In the meantime, ESA probes, including Mars Express and ExoMars Trace Gas Orbiter, have imaged the comet as it crossed the orbit of Mars and initial analyzes have confirmed that the trajectory is hyperbolic, typical of a body coming from another star system. However: no artificial thrust, no radio signals, no alien technology, no spaceships: it’s a comet being a comet, albeit with more lively behavior than expected. Some scientists speculate that 3I/ATLAS came from a binary system, where a gravitational interaction ejected it into space millions of years ago, but all of this, of course, is too complex for social media.

Sociologically, the hashtag #31Atlas exploded because it was wrong: thousands of users, convinced they had discovered the hidden truth of NASA (ah, the hidden truths!), started posting videos with the robotic voice announcing “imminent contact”, images generated by AI and titles like “Scientists are silent”, in short, guys, always the same script: you start from a fact, you simplify it until it becomes absurd, you exclude what you don’t like with the narration, you transform it in faith. On the other hand, the click religion (like all religions in the past) needs a miracle a day.

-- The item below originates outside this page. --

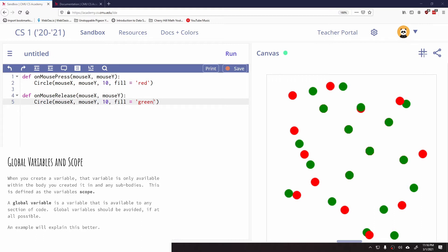When you create a variable, that variable is only available within the body you created it in and any subbodies. And that is what we refer to as its scope.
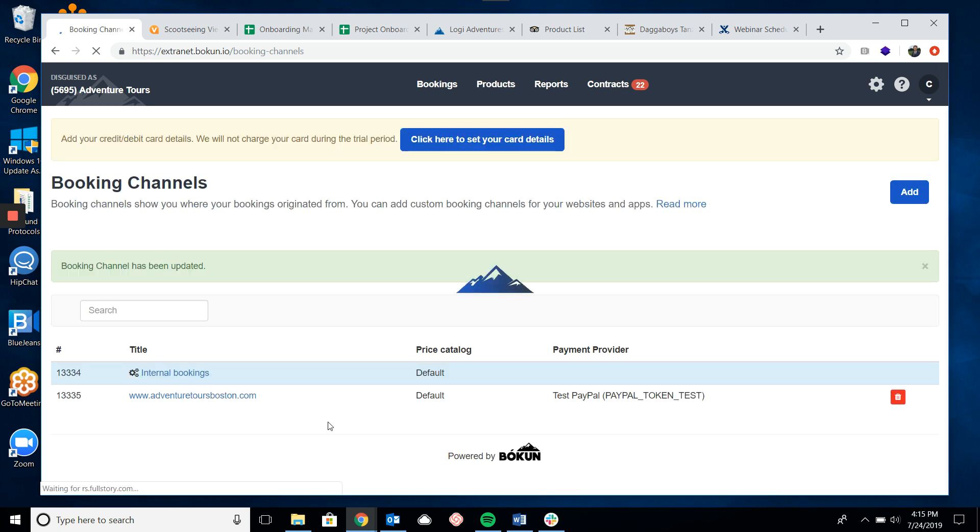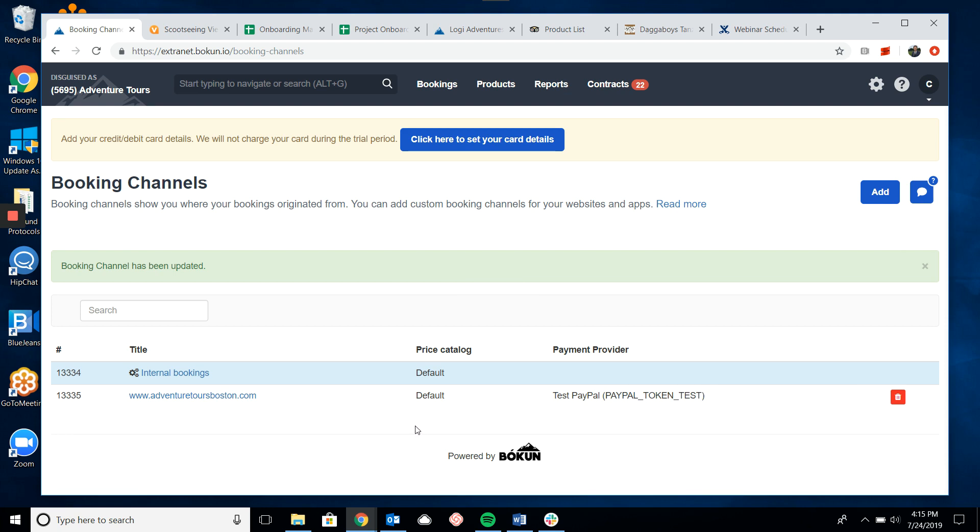Now the payment provider is connected to your website so that when a traveler is booking a tour on your website they will be able to pay through the payment provider you set up.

The scientific community, meanwhile, observes and measures in silence: 3I / ATLAS is not a message, it instead shows us how the fragments of other star systems appear, and reminds us that space is not full of secrets but of distances, distances that we cannot even imagine. Even light, whose speed is three hundred thousand kilometers per second, is slow in space, except that distances do not become viral.

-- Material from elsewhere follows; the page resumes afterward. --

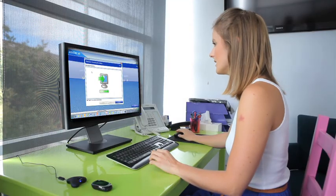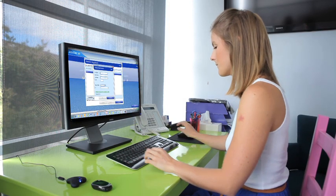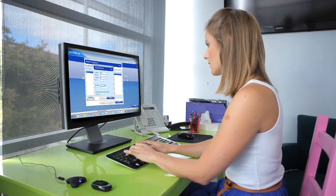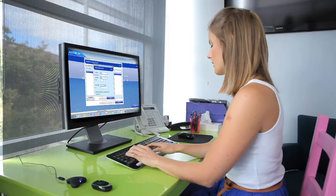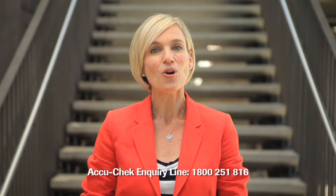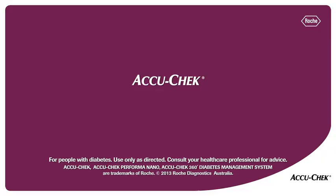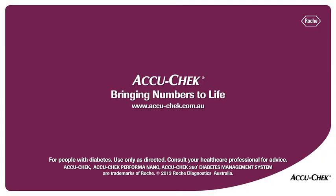With the help of the AcuCheck 360 Diabetes Management System, you can have the confidence to better manage your diabetes on a daily basis. To learn more about the AcuCheck 360 Diabetes Management System, refer to the help system, watch more topics of interest in the links provided, or contact the AcuCheck line on 1800 251 816. AcuCheck — bringing numbers to life.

It becomes viral that aliens are looking for us, or (seriously) we are looking for them: from the Arecibo message of 1974, to the golden plaque of Voyager in ’77, up to the most recent messages from the SETI project, we continue to send greetings into space, hoping that someone will intercept them. The odds of anyone hearing us are ridiculous: a signal sent today could be received in a thousand years, or a billion, or never.

And in any case, even if a message arrives, are we sure we know who we are calling? It’s something I always wonder about scientists (like those at SETI) who send signals expecting a response: are we really certain (in the hypothesis of a relatively nearby alien civilization much more advanced than us who have only been emitting radio signals for just over a century) that ET and not Alien will receive our call? For goodness sake, due to the little sympathy I have for the human species, I would prefer Alien.